Global economic data was mixed as Chinese Purchasing Manager Indices were disappointing as recent new cases sparked new restrictions and there were indications over the past few weeks that Chinese authorities were draining liquidity from the market as they look to control the risk of speculative excesses building. Whilst both services and manufacturing readings remain in expansionary territory, both readings have been weakening.
Over in Europe, the trend for a resilient rebound in manufacturing and weak services activity amidst the continued high number of daily new cases continues. Meanwhile, inflationary readings have shown nascent signs of a recovery.
In the U.S., both manufacturing and services remain surprisingly strong. Importantly, the employment segment of the surveys for both have strengthened again, pointing to a possible resumption of recovery in employment. It was still too early to tell though, as U.S. employment posted a meagre 49,000 new jobs, primarily driven by government hiring. The unemployment rate fell to 6.3% as the participation rate fell, but employment remains almost 10 million below pre-pandemic levels.
The domestic economy remains on sounder footing, with both manufacturing and services indicators maintaining a strong momentum as the rebound continues. Job ads grew 2.3% again and now sits about 5.3% above the pre-pandemic level. Building approvals were up 10.9% with strong increases across the country. Business conditions were also very strong for the final quarter of 2020. Things look good across the board for now.

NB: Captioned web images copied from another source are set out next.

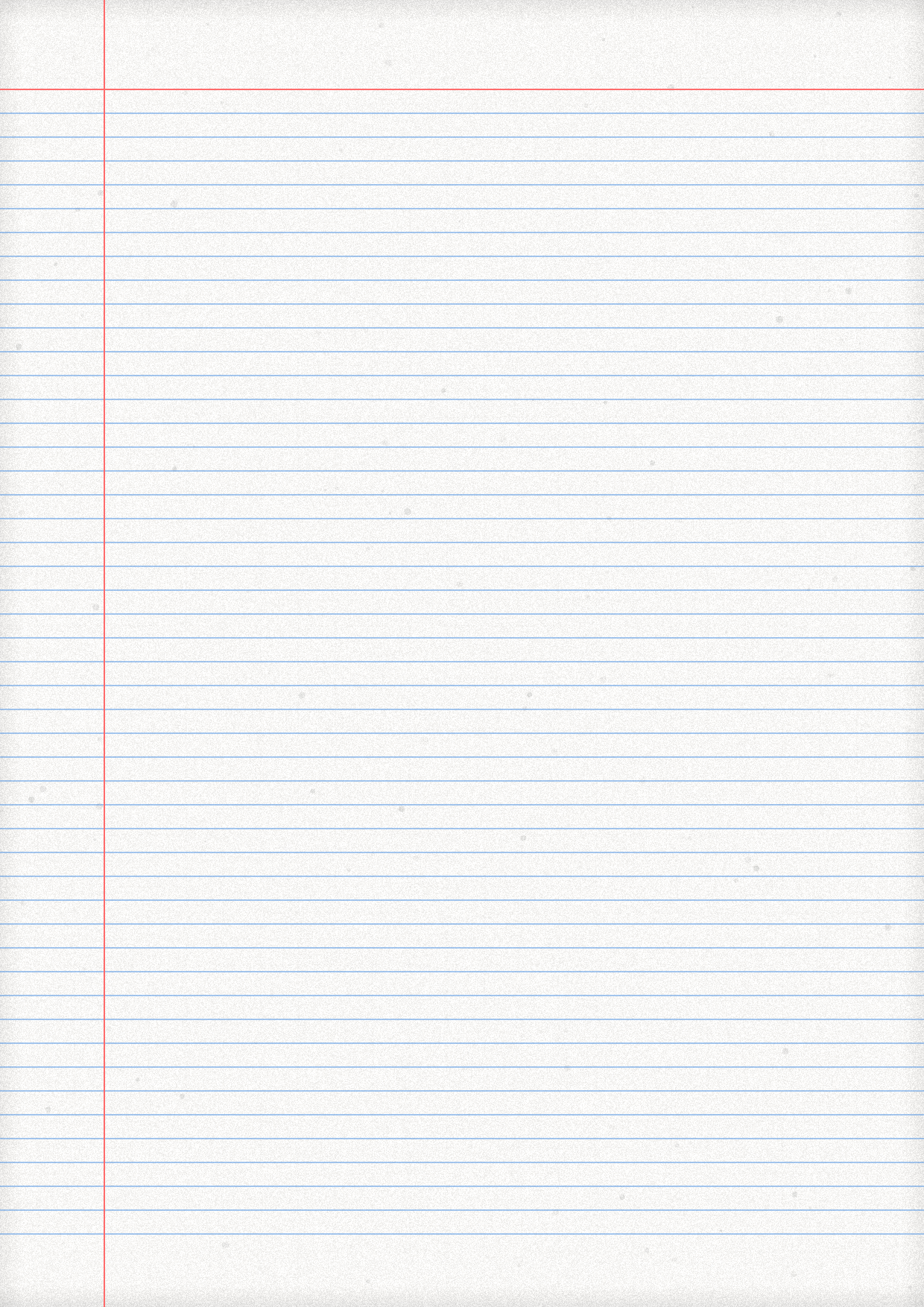 College Ruled preview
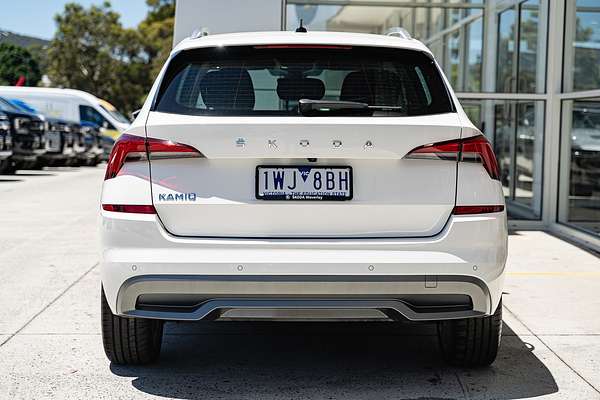 2022 SKODA Kamiq 85TSI Style NW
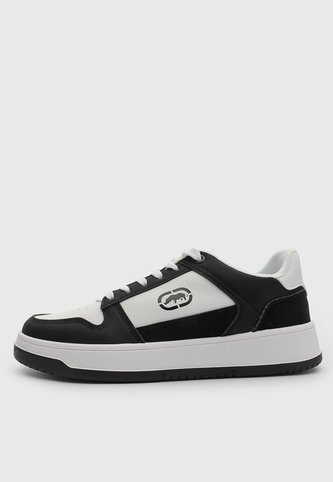 Tenis Lifestyle ecko Rockel Blanco Ecko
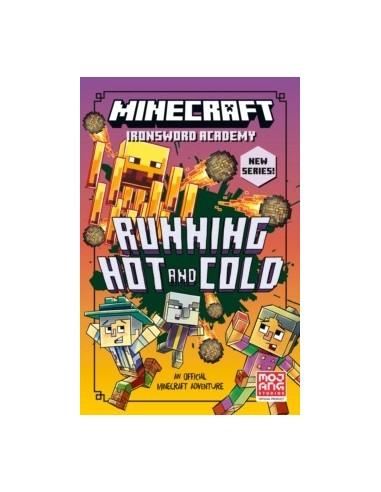 Minecraft Running Hot and Cold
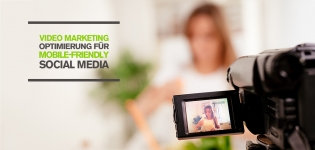 Video Marketing Optimierung: So macht ihr eure Videos mobile-friendly für Social Media! [Studie]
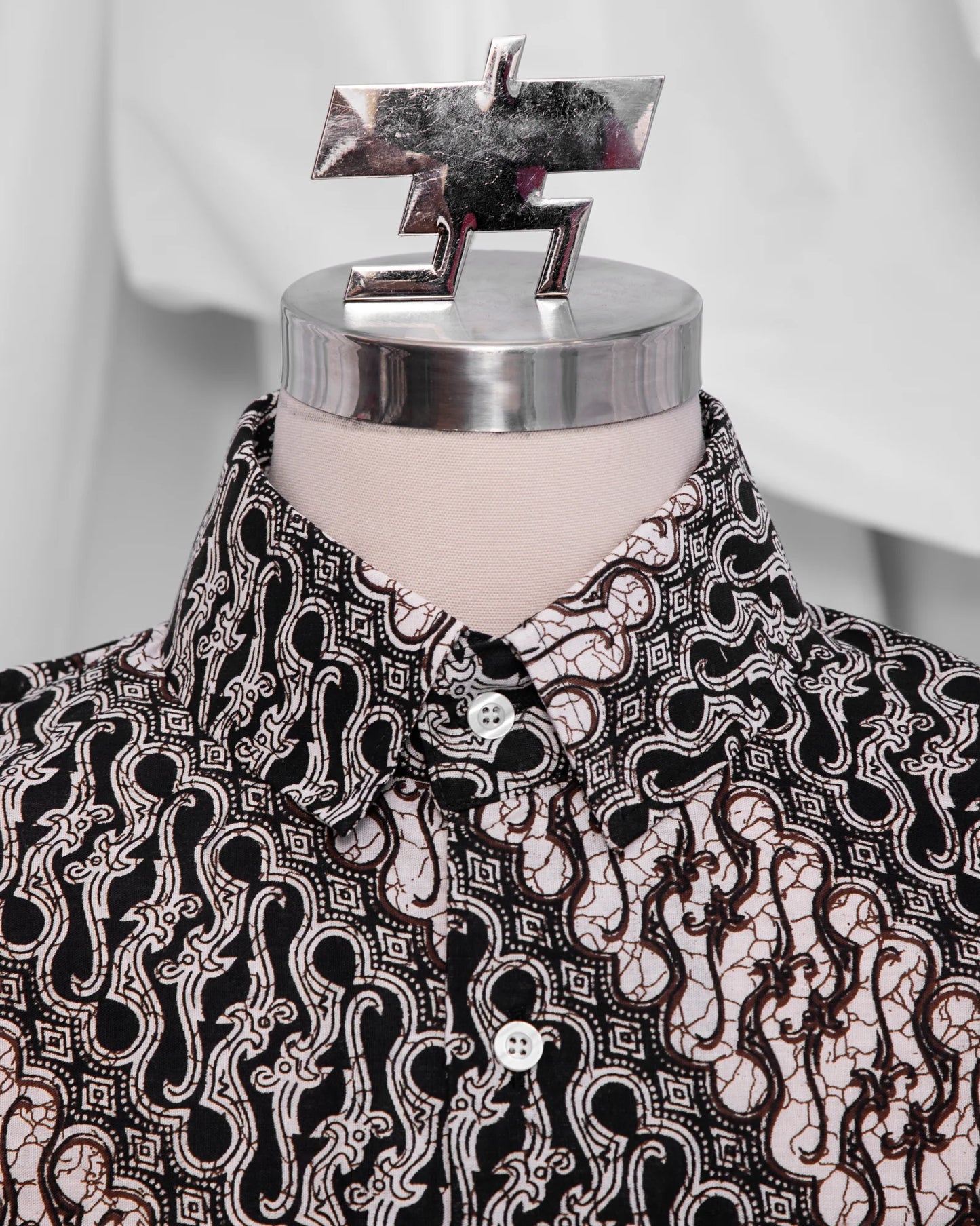 Kemeja batik - BEV C multi label store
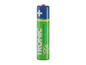 Une pile AA rechargeable TRONIC de 1000 mAh.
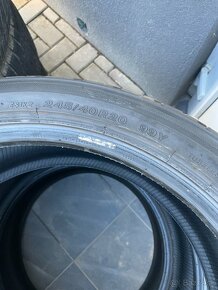 245/40 R20 Letné - 9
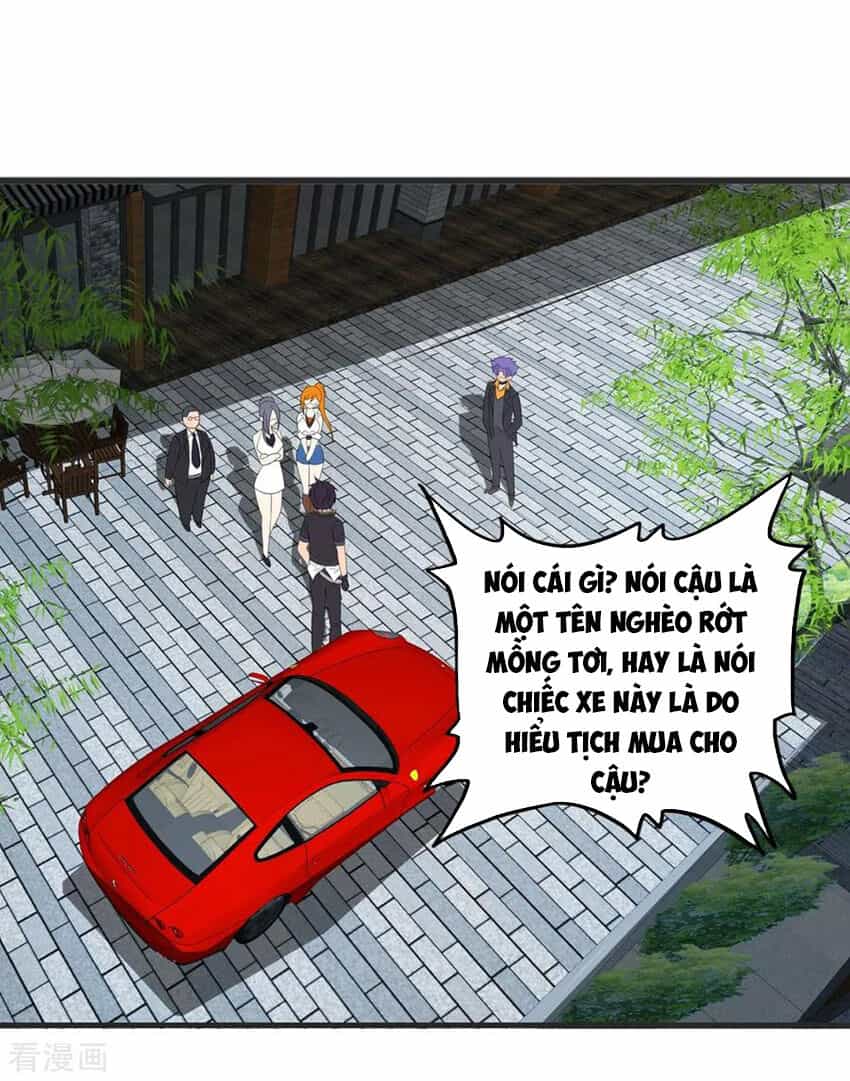 Y Đẳng Cuồng Binh - Chương 67 - ảnh 22
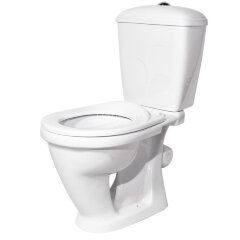 Унитаз-компакт Детский Стандарт 32,2х56,5х69 с сиденьем, белый (47901110022)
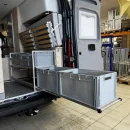 Regalsystem für Clever Vans Celebration 600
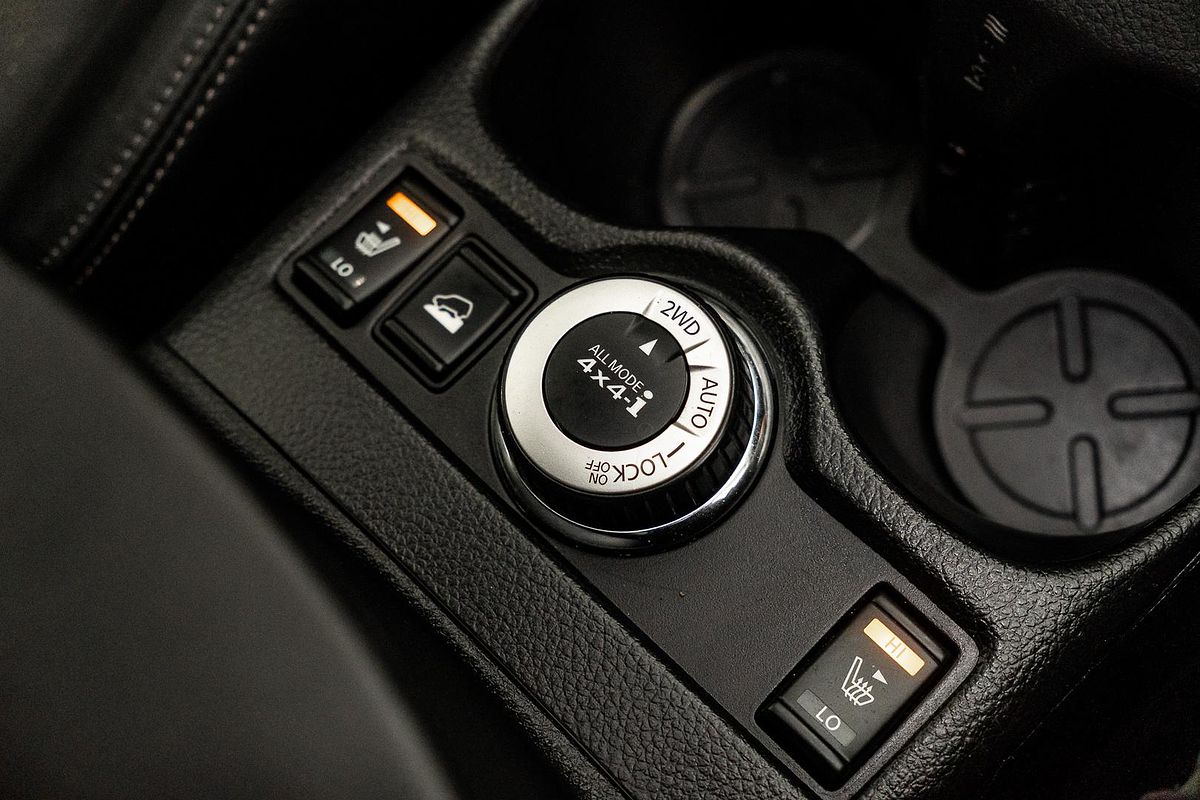 2016 Nissan X-TRAIL Ti T32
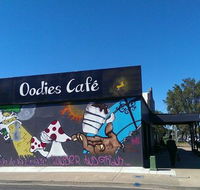 Oodies Cafe - SA Accommodation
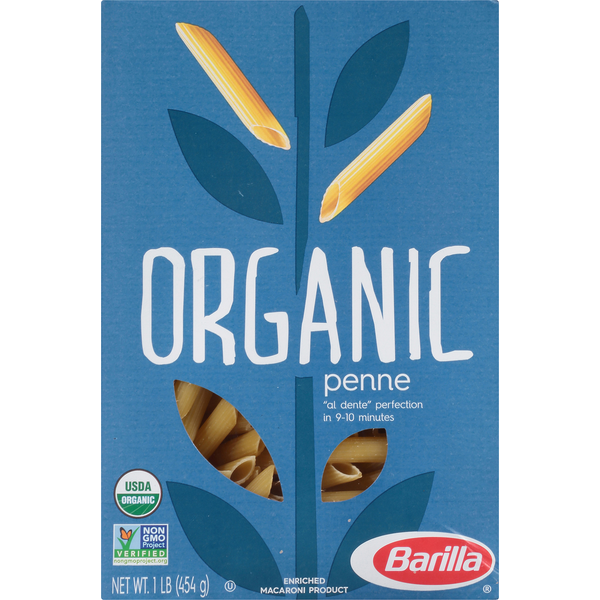 Barilla Penne, Organic Same-Day Delivery or Pickup | Woodman's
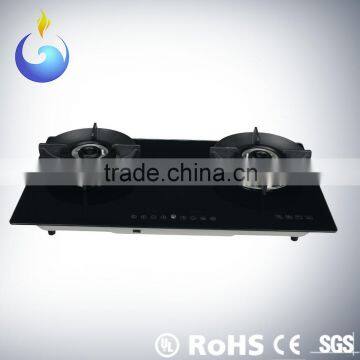 Global Patent Heat Recycle Intelligence Electric Touch Screen Best Gas Cooker China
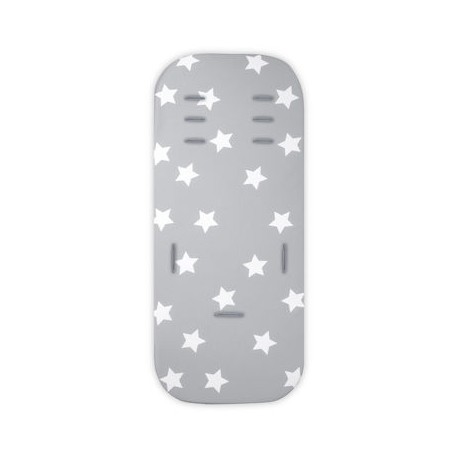 Στρώμα καροτσιού Lorelli® Cosy Travel Memory Mat Stars Grey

Quantitative easing becomes a relative game
The economy and market also remain well supported, as the Reserve Bank of Australia (RBA) added an extra $100 billion to its asset purchase program that was set to end in April. This will extend its program for another six months to October. Governor Lowe also said that there would be no increase in the cash rate until actual inflation is sustainably within the target range of 2-3% which would require wage growth to be materially higher than current levels and significant gains in employment. The RBA does not expect this to be the case until at least 2024.
Further to this, the RBA officially stated that QE has become a relative game. This came in a single paragraph in Governor Lowe’s speech,” In terms of other central banks, most have recently announced extensions of their bond purchase programs, many running until at least the end of this year. Given this, if we were to cease bond purchases in April, it is likely that there would be unwelcome upward pressure on the exchange rate”. This is significant as more QE may be forthcoming post the completion of the current $200 billion program expiring in October. With Europe, U.S. and Japan likely to continue their QE programs through to 2022, it could mean that the RBA would continue to add another $200 billion to the current program to extend it to late next year. This is a significant sum and would bring the RBA balance sheet to around 50% of GDP.
This also begs the question as to whether this ends up in another spiral as economies look to weaken or maintain their currencies against one another. Whilst these QE programs will likely help markets higher and keep a lid on yields in the near term, continuous expansion may have huge ramifications for the structure of financial markets and cause speculative excesses to form, potentially setting up the next great financial crisis. Only time will tell, but for now, markets remain focussed on a recovery in both earnings and the global economy. Looking ahead, the U.S. earnings season is heading into its final stretch, whilst the Australian earnings season is just starting to build steam. Markets will also be focussed on U.S. stimulus progress as the Democrats push forward with a budget resolution that will help to fast-track their $1.9 trillion stimulus plan, whilst some Republicans have opposed such a large bill and tabled a $618 billion plan.